“The Twilight Saga: Breaking Dawn — Part 1” is a better movie than “The Hunger Games” and “Harry Potter and the Deathly Hallows — Part 2.”

Taylor Lautner and Kristen Stewart, clearly tipsy from the victory juice “Twiight” received at the MTV Movie Awards. (Kevin Winter/GETTY IMAGES)

I know this because the MTV Movie Awards told me so on Sunday night when the most recent “Twilight” film won best movie, an honor determined by online voting. As we all know, online voting is the most indisputable way to determine pretty much everything. So the notion that “Breaking Dawn” is a finer piece of cinema than both of the aforementioned films, as well as “Bridesmaids” and “The Help,” is no longer merely a notion. It is scientific fact.

That award, by the way, was one of two that “Breaking Dawn — Part 1” received. The other was best kiss, which really should be renamed The Kristen Stewart and Robert Pattinson Annual Moment of Triumphant Awkwardness Trophy because this is the fourth year in a row that they have won it. Unfortunately, Pattinson wasn’t at the Movie Awards this year, so Stewart had to be awkward alone by begging various co-stars (Chris Hemsworth and Charlize Theron from “Snow White and the Huntsman,” Taylor Lautner) to join her onstage, then ultimately opting to pretend to make out with herself.

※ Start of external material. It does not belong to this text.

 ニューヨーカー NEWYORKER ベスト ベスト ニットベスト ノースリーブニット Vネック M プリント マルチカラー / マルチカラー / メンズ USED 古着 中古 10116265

Since “Twilight” triumphed over “Hunger Games” and “Potter” in not just one, but two, categories, surely that makes it the greatest film series based on a young-adult work of fiction in the history of time and space, right? Oh, wait. Not so fast.

“The Hunger Games” received more MTV Movie Award nominations than “Breaking Dawn” — eight to its two — and picked up four awards, including Golden Popcorn statuettes for best fight, best transformation (for Elizabeth Banks’s Effie Trinket), and best male and female performances for Josh Hutcherson and Jennifer Lawrence. (Weirdly, all of the key “Twilight” stars were omitted from those latter two categories, perhaps out of fear that too many “Hunger Games” vs. “Twilight” clashes would lead to violent unrest and looting across the nation.) So from a quantity perspective, it totally wins.

Now before you start a sputtering rant in which threats against Bella Swan are made while spewing words like “patronus” and “Quidditch snitch,” please be aware that “Harry Potter and the Deathly Hallows — Part 2” did not the leave this meaningless awards show empty-handed. It won best cast and, in another spectacular example of the importance of online voting, also snagged the coveted best hero prize, with Harry Potter edging out Katniss Everdeen herself.

Still, if the best movie award is indeed the most important award of the evening — and clearly it is, because Jodie Foster presented it and she has no business stooping to the level of the MTV Movie Awards unless she’s doing something important — then the “Twilght” saga remains the most popular and, therefore, best franchise based on a series of insanely popular YA books.

I’m sorry to have to break it to you, but those are just the facts. And if the MTV Movie Awards is about anything, it’s about that: facts.